An audio file is divided into frames in the time domain and each frame is compressed, according to a psycho-acoustic algorithm, into file in the frequency domain. Each frame is divided into sub-bands and each sub-band is further divided into split sub-bands. The spectral energy over each split sub-band is averaged for all frames. The resulting quantity for each split sub-band provides a parameter. The set of parameters can be compared to a corresponding set of parameters generated from a different audio file to determine whether the audio files are similar. In order to provide for the higher sensitivity of the auditory response, the comparison of individual split sub-bands of the lower order sub-bands can be performed. Selected constants can be used in the comparison process to improve further the sensitivity of the comparison. In the side-information generated by the psycho-acoustic compression, data related to the rhythm, i.e., related percussive effects, is present. The data known as attack flags can also be used as part of the audio frame comparison.

Description

BACKGROUND OF THE INVENTION
1. Field of the Invention
This invention relates generally to audio files that have been processed using compression algorithms, and, more particularly, to a technique for the automatic classification of the compressed audio file contents.

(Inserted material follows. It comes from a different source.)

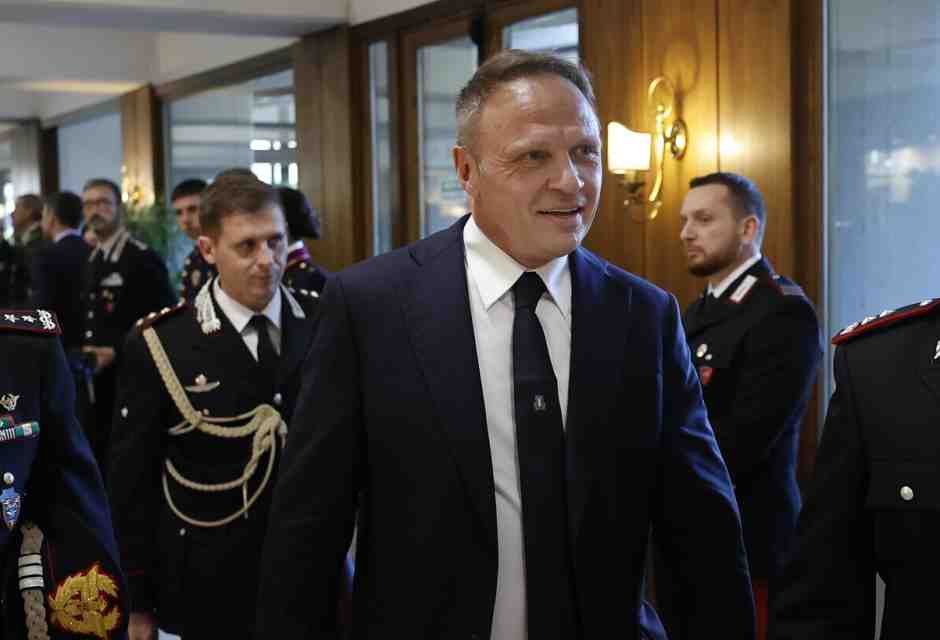 Sussidi e deroghe, revisioni: ecco la linea dell’Italia per aiutare gli agricoltori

2. Background of the Invention
With advances in auditory masking theory, quantization techniques, and data compression techniques, lossy compression of audio files has become the processing method of choice for the storage and streaming of the audio files. Compression schemes with various degrees of complexity, compression ratios and quality have evolved. The availability of these compression schemes has driven and been driven by the internet and portable audio devices. Several large data bases of compressed audio music files exist on the internet (e.g., from online stores). On a smaller scale, compressed audio music files are present on computers and portable devices around the globe. While classification schemes exist for MIDI music files and speech files, few schemes address the problem of identification and retrieval of audio content from compressed music database files. One attempt at classification of compressed audio files is the MPEG-7 standard. This standard is directed to providing a set of low level and high level descriptors that can facilitate content indexing and retrieval.
Referring to FIG. 1, a generalized block diagram of apparatus 10 for performing audio file compression schemes is shown. The raw audio data file is applied to time domain to frequency domain transformation unit 11 and to the psycho-acoustic model unit 12. The psycho-acoustic model unit 12 provides the mechanism for processing the raw data that includes assumptions regarding how audio input is perceived by human beings. Output signals from the psycho-acoustic model unit 12 are applied to the time domain/frequency domain transformation unit 11 and to a quantization unit 15. Output signals from the time domain/frequency domain transformation unit 11 are also applied to the quantization unit 15. The output signals of the quantization unit 15 are the compressed audio files. The time domain/frequency domain transformation unit 11 transforms the raw data file in the time domain to a data file in the frequency domain. The frequency domain data is quantized in the quantization unit 15 based on masking information provided by the psycho-acoustic unit 12. The psycho-acoustic unit 12 also determines the time domain/frequency domain transformation unit 11 resolution depending on the characteristics of the input signals. As a result of the apparatus shown in FIG. 1, an audio file receives two levels of compression. The first level of compression results from the selective retention of only the important audio file components as determined by the psycho-acoustic model. The second level of compression is a file compression of the file resulting from the psycho-acoustic compression, the second level of compression shrinking the file to reduce the amount of storage space. The second level of compression typically includes the Huffman coding.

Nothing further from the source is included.